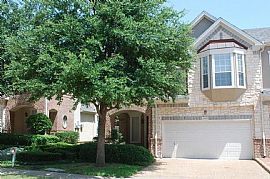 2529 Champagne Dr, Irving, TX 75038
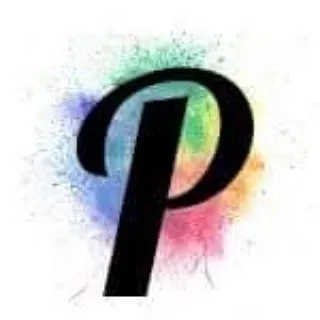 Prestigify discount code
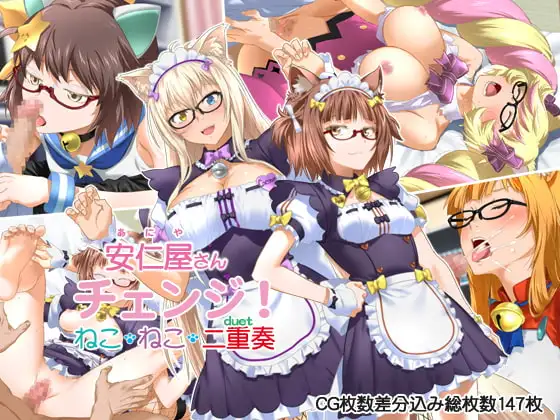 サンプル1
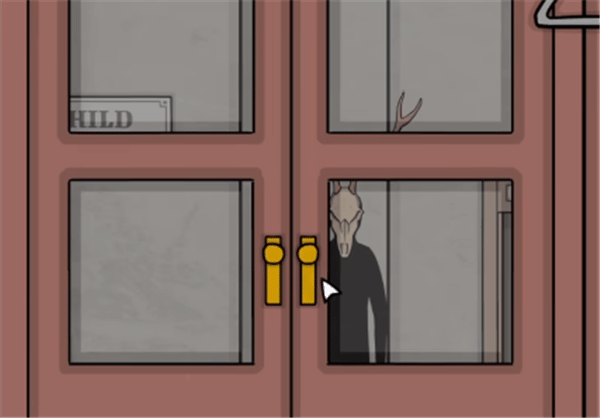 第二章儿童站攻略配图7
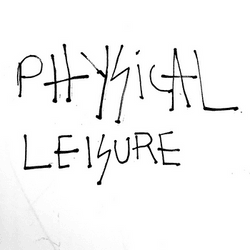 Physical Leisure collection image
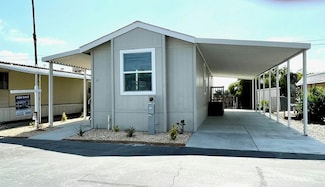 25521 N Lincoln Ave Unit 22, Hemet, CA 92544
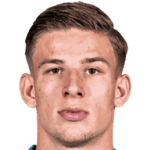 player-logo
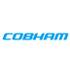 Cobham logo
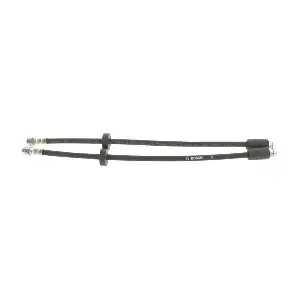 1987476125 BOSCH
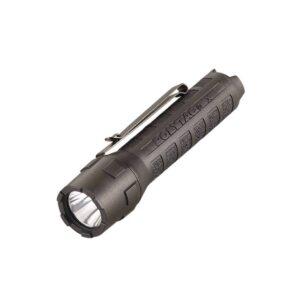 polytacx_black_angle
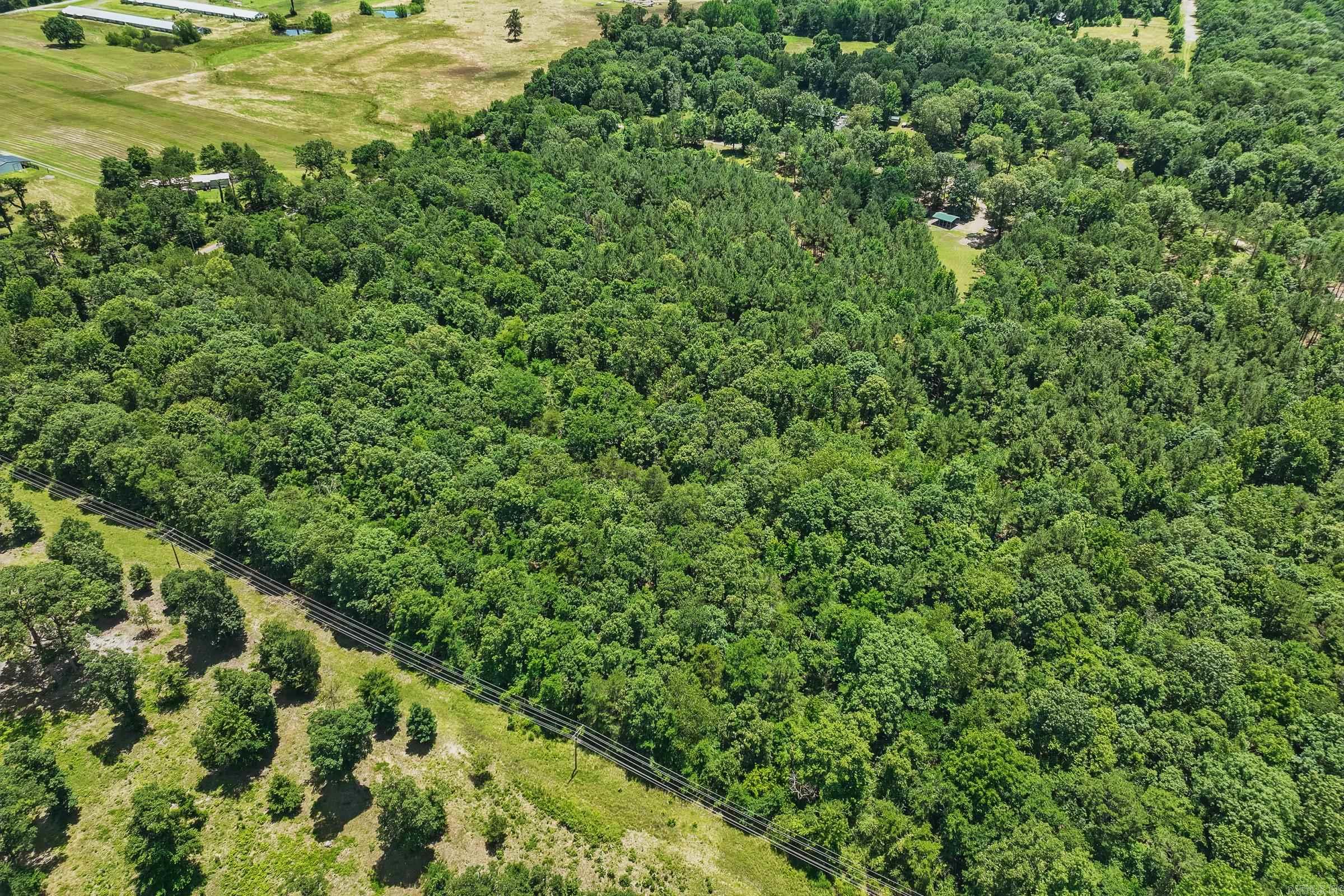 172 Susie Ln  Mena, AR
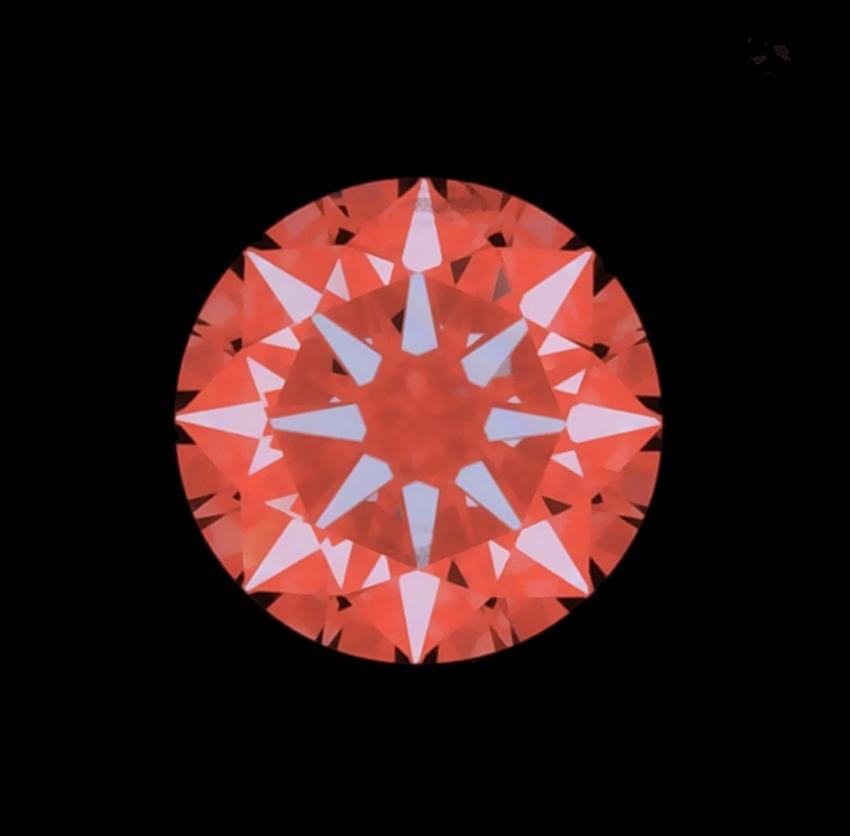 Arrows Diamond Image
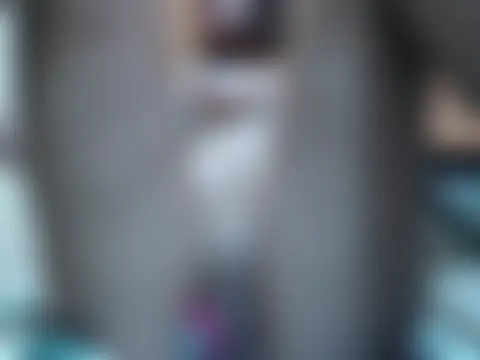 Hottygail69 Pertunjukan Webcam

_ _ _

▶ [YOUR ASSIGNMENT]: Each record is to be written out exactly. No picture goes in.

▶ [EXPECTED ANSWER]:
 2529 Champagne Dr, Irving, TX 75038
 Prestigify discount code
 サンプル1
 第二章儿童站攻略配图7
 Physical Leisure collection image
 25521 N Lincoln Ave Unit 22, Hemet, CA 92544
 player-logo
 Cobham logo
 1987476125 BOSCH
 polytacx_black_angle
 172 Susie Ln  Mena, AR
 Arrows Diamond Image
 Hottygail69 Pertunjukan Webcam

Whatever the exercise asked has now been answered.